Severus decided that he would do the same.  The extra money would be useful and the work would keep him away from the Death Eaters and from Honor.

He actually enjoyed being part of the team who oversaw the settling-in.  The house was beautiful, in a cold, marble-like way, and because every mediwizard had a treatment room of his own, Severus was on the spot to make a selection, so he had his name inscribed on the door of the room in the western corner of the east wing.

“This is nice” Roydon said, wandering in and surveying the room.  “Good for natural light – you’ll get the sun most of the day.  And a view of the garden.  I think I’ll take that other corner room next to yours.”

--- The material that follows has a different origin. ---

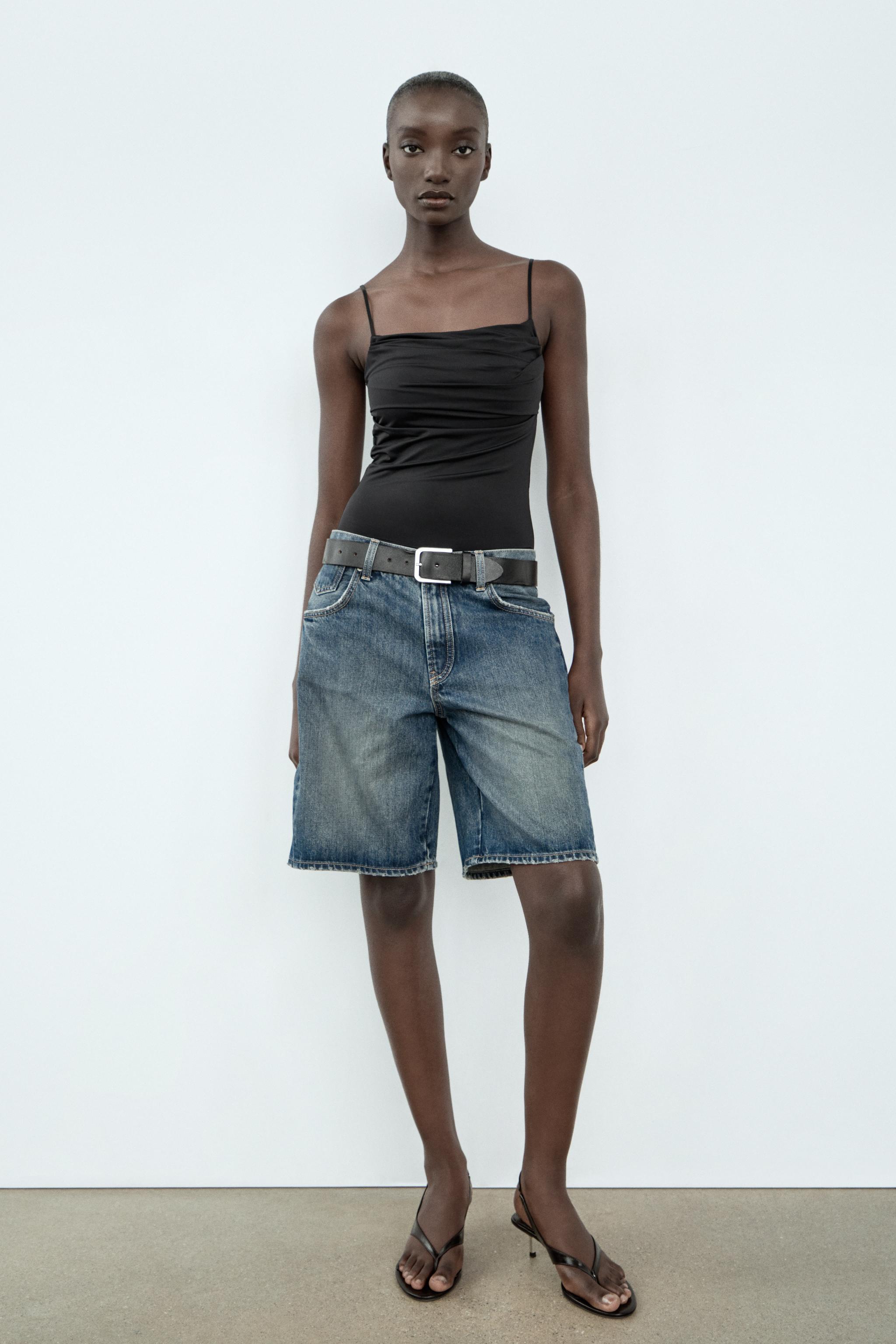 Zara DRAPED POLYAMIDE BODYSUIT | Yorkdale Mall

Bertrand Rackharrow was also in an unusually good mood, and Severus suddenly realised what Rackharrow must have meant when he had made that cryptic remark about living in a mansion; he had now installed himself in a country house even bigger than Lucius’s.  Doreen the receptionist was also very happy.  She had been made secretary to Rackharrow and there was to be a new receptionist when the clinic became operational once more.  Meanwhile she spent most of the second day of January organising pot plants in her annex to Rackharrow’s office and magically duplicating a stack of parchment which she said were new contracts.

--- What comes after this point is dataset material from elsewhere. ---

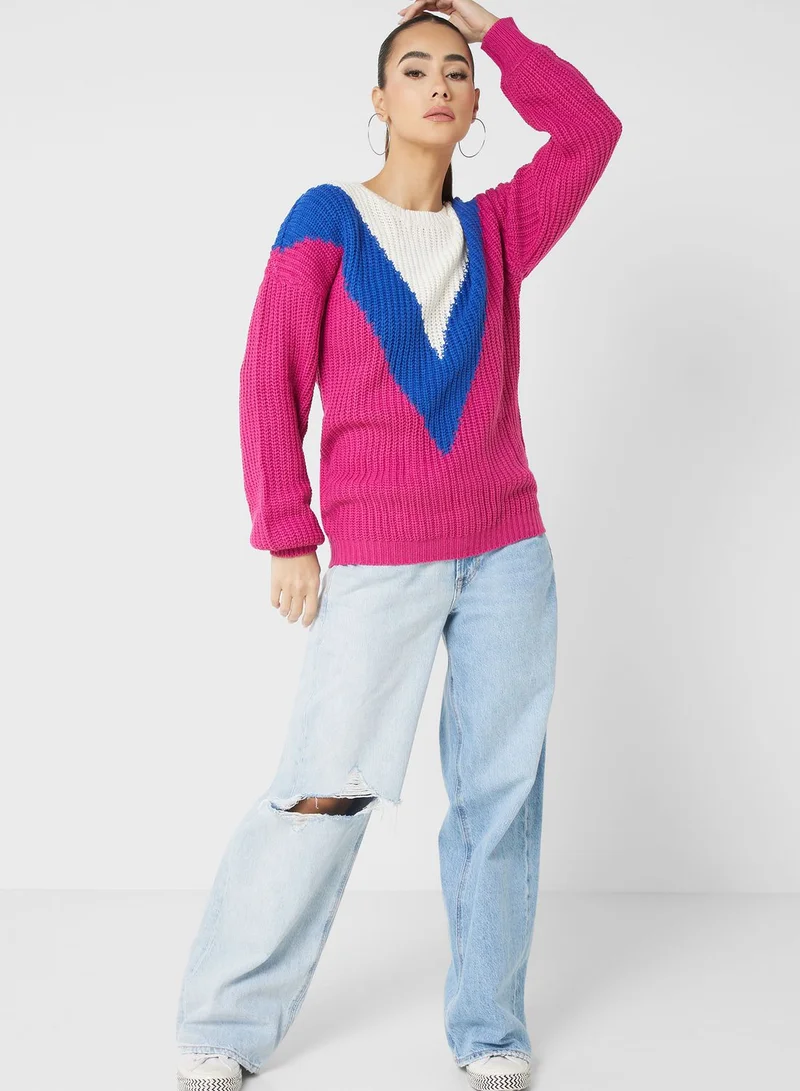 Ginger Colorblock Sweater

In the late afternoon of that Friday, with the settling-in complete and everything ready for normal operation from the Monday, Severus wandered all the corridors of Wychenden Hall on that dull, snowy day.  The owner’s area was screened and protected by a password, and he saw nothing of the owner or his family.  Suddenly, for a fleeting instant, it crossed Severus’s mind that Lucius might be the owner.  But no, Rackharrow was supposed to know the owner, and he would surely recognise his own cousin, wouldn’t he?  And Lucius had told Severus that he had tried to buy into Nobody’s Perfect and had been refused.  And he hadn’t lied to Severus, had he?